On the face of it, it doesn’t look like a busy day. But just then, a 30-something-year-old man walks into the store and starts looking at shoes. He is smartly dressed. In jeans and a shirt. He mumbles something about needing a size 10. The salesman points to a rack stacked with shoes and steps back. The man looks at the merchandise. Likes one. Picks it. Turns it over. Nods. Takes his phone out, taps on the Paytm* app scans the Paytm QR code kept next to the shoes on the rack. It says: “Get exciting offers on sports shoes!”
Registering the app
The app registers that this is the Sarita Vihar store. The man then picks the shoe he wants and taps the icon: Buy for almost immediately, a code is generated. Incoming: Text message, email, and of course, the exact code on the app itself. The man walks over to the billing counter and repeats the code. The guy at the counter feeds the code into the system. All clear. The salesman packs the shoes neatly in a box and hands it over to the man. Nobody says anything. The man walks out of the store.

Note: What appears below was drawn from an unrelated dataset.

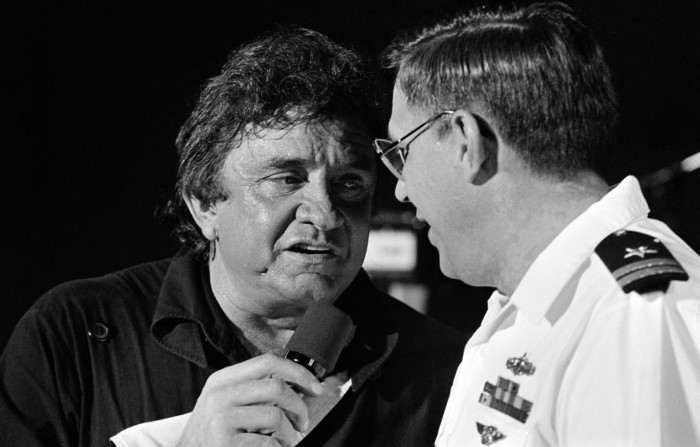 Johnny_Cash_sings_a_duet_with_a_Navy_lieutenant.jpg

It would be fair to say that the Red Tape store in Sarita Vihar is seeing a slew of such customers.
This, of course, is Paytm Mall’s new business idea and the company’s latest adventure, offline-to-online (O2O).
Human beings are complex animals. Technology companies chasing Gross Merchandise Value (GMV), more so. And this is not to be said lightly. Because in a normal world, this is how the above transaction would have unfolded. The man enters the shop. Picks a shoe he likes. Pays at the counter. Either in cash or with a debit or credit card. Picks the shoe. Fin.
But, where’s the fun in that?
If more and more Indians are to shop online, beyond the 50-60 million urban consumers who currently already do, Paytm believes O2O is the way forward. And if there’s one company that can truly make digital commerce happen, across the length and breadth of the country, Paytm believes it is them. This is that story. The story of Paytm’s billion-dollar bet on Paytm Mall. Only last month, Paytm Mall raised $450 million (Rs 3,000 crore) from the company’s existing investors, Japan’s SoftBank Group and China’s Alibaba Group Holdings.
Another matter altogether that before Mall, there were wallets. And there, first, let’s get the dead out of the way.
Mobile wallets are dead. Long live mobile wallets!
Second, let’s ask the question, so what’s next? What next when you have spent a significant part of your organizational history solving for how to incentivize users to use wallets. How to incentivize Uber, myriad shopkeepers, and restaurants to accept payments from Paytm wallets. And in the process of doing that, you’ve acquired millions of users, lost millions of dollars of investor money and also realized that what you’ve built is nothing out of the ordinary.
Everyone and their uncle is in on what you do—payments. Your first-mover advantage counts for nothing. Millions of dollars in funding that can be deployed to entice users to come back is neither sustainable nor something that can pass muster as a strategy.
After eight years of being at it, Paytm (One97 Communications) reported a consolidated loss of Rs 900 crore ($133 million), as of March 2017. Factor in an exceptional item in the books of accounts and the company’s total loss is about Rs 1,259 crore ($186.4 million). That’s 7% more than the Rs 1,178 crore ($174.4 million) reported in the previous year.
Valued at more than $7 billion, Paytm’s losses are more than the company’s actual revenue. As of March 2017, Paytm’s revenue was only Rs 828 crore ($122.6 million).